我々は生活の重力圏を逃れることは出来ない

 

 人生は常に生きることを要請してくる。それはそのまま、暮らすことの強制と言い換えられるように感じる。我々は暮らさなくてはならない。どう頑張っても暮らさないといけない。ほこりは積もるし洗い物はたまる。最近はそれがたいへんにタイギーのだ。

 自分が自分を運営することについて考えるとき、犬や猫を飼いたがる子どもにしばしば向けられるとされる「しっかりお世話出来る?」の言葉が思い出される。愛玩の側面ばかりを求めて犬猫を欲しがる子どもは、ここで動物の命を運営していくことを要請されている。
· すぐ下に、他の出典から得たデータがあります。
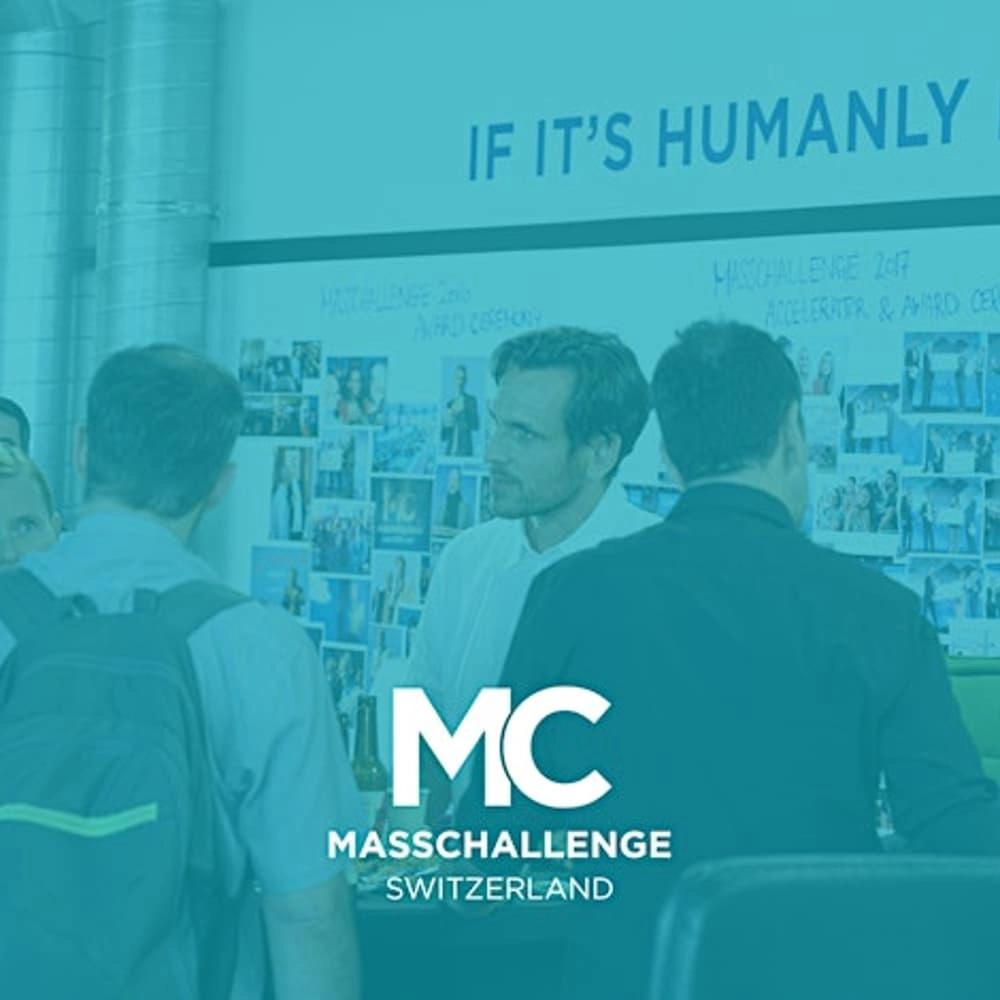 MassChallenge CH & UK 2026 - Bootcamp Mentor-Matching 1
可愛いだけではダメなのだ。

 僕は自分一人すら満足にお世話出来ていない気がする。調子がいい時だけ可愛がって、メリットが得られる場面ではここぞとばかりに主人のような顔をしているような気がするのだ。犬猫と違って人間はめんどくさくなってもガス室に送れないので、僕は今もこうしてここに在るわけである。

 脳みそだけになって培養液の中をたゆたう存在になりたい。コピーアンドペーストで増殖できる電子生命体でもいい。最悪トンネルに棲みつく霊体でもいい。そうなれば8枚切りのパンが売り切れていたと機嫌を損ねなくていいし、蒸し暑い日のアイロンがけともおさらばだ。